Thanks for specifying that you don't have any scoring in effect.  That 
was my first thought.

There's three additional factors that apply.  I'd guess one or more is/
are what you are seeing here.

First, it's worth noting that in collapsed threads, the unread count is 
the count of NOT SHOWN unread posts.  If the visible post is ITSELF 
unread, it won't be included in that number.  Thus, for example if an 
entire thread with 10 posts is unread, the number in parenthesis beside 
the initial post will be (9), because the initial post itself is shown -- 
there's 9 /hidden/ posts marked unread that will be shown if the thread 
is expanded.

That throws me off occasionally as well, because I intuitively expect it 
to be the total unread count for the (sub)thread, including the displayed 
header if that message too is unread.

Second, note that for multi-part posts, generally of large binary 
attachments, pan transparently combines them into one for display.  So a 
message with 100 individual parts to combine to get the attachments, will 
display as a single post.[1]  Before pan actually fetches the group 
overview file, all it sees is that the highest post sequence number for 
that group is N higher than it was the previous time, and it simply does 
the math to deduce how many posts there are between the two.  But once 
pan fetches the overview file, it can do this combining, which will 
reduce the number of unread posts, sometimes significantly, particularly 
for binary groups.

But that mostly applies to binary groups, where multi-part posts are 
common.  In text groups these don't appear so often, so this is unlikely 
to explain discrepancies there.


Which brings me to number three, the most common reason (once #1 is 
accounted for) for such discrepancies in low-traffic text groups, where 
they're most likely to be noticed.

As mentioned in passing above, put in simple terms the way news works is 
that when a client first asks about a newsgroup, it gets a reply that 
gives some information about the group and the articles the server has 
for that group.  This information includes the post sequence numbers for 
the earliest available post, the low water mark, and the newest available 
post, the high water mark.  For subscribed groups, a news client 
typically remembers the high water mark from the last time it connected, 
and can then do the math to deduce the POSSIBLE number of unread articles 
available.  (Of course, if its the first time you visited the group or if 
you haven't visited in awhile and everything from before is already 
expired, so the low water mark is higher than the remembered high water 
mark, the available posts are only those between the earliest and the 
latest that the server has.)

*BUT*, for various reasons, while the post sequence numbers are indeed in 
sequence, ever increasing, a server DOES NOT NECESSARILY have ALL the 
posts in a particular range available.  A user may have canceled or 
superseded a post, for instance, or the server may apply spam filters 
after assigning sequence numbers, deleting articles from the middle of 
the sequence.  It's actually quite common for larger news service 
providers to have dedicated incoming post machines that assign the 
sequence numbers, before forwarding the posts to filter machines that 
filter out the spam, thus creating holes in the sequence, which then 
forward on to the front-ends that the users and their news clients 
actually connect to.  In such a setup, it's also quite possible for the 
posts to appear at the front-ends in out-of-sequence order, such that say 
# 43561 and 43562 appear before # 43553-43560.  Then # 43557 and 43559 
are filtered as spam, and # 43554 is canceled by the original poster, 
leaving posts numbered 43553,43555-43556,43558 and 43560, appearing after 
# 43562, which all the while is still the high-water-mark.  And # 43554 
might appear, then disappear when the cancel gets processed.

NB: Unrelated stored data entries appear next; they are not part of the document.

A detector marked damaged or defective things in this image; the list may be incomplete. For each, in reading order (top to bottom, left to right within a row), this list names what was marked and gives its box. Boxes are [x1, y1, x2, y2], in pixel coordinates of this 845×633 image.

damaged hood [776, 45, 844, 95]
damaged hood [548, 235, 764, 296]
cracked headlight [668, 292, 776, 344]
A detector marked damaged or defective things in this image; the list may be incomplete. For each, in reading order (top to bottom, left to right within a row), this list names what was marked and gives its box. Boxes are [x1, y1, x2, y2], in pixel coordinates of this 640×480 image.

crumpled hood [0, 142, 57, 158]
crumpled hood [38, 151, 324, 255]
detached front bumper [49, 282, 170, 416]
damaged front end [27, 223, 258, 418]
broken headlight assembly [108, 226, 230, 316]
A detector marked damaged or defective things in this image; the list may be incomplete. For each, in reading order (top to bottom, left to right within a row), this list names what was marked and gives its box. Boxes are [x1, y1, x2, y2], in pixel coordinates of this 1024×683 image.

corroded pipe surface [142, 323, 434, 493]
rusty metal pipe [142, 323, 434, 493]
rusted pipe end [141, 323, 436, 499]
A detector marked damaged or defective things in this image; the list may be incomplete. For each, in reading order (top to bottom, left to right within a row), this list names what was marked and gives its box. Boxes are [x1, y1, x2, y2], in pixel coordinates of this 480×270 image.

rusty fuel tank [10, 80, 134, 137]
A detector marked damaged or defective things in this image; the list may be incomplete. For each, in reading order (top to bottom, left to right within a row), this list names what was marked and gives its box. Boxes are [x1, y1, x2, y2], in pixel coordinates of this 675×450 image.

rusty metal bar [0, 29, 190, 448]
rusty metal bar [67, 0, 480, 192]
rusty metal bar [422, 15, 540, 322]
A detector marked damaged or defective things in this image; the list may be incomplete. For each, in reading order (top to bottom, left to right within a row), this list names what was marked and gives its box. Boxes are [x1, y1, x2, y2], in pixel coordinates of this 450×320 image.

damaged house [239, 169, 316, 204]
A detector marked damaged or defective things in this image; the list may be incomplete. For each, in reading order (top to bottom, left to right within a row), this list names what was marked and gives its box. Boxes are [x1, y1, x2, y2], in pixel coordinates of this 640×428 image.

When pan first checks that group, it'll see # 43562 as the high-water-
mark and do the math, displaying the resulting unread count.  Then when 
it fetches the actual overview file, pan learns what messages are 
actually available.  The number of unread messages can then drop, or 
possibly go up if there's more backfills then new message number gaps.  
Then later, when you actually try to fetch those messages, messages in 
the overview may now be unavailable.  Old ones may have expired, or maybe 
someone canceled a message, or perhaps a scanner detected copyrighted 
content and issued a takedown, or futher spam-filtering was applied.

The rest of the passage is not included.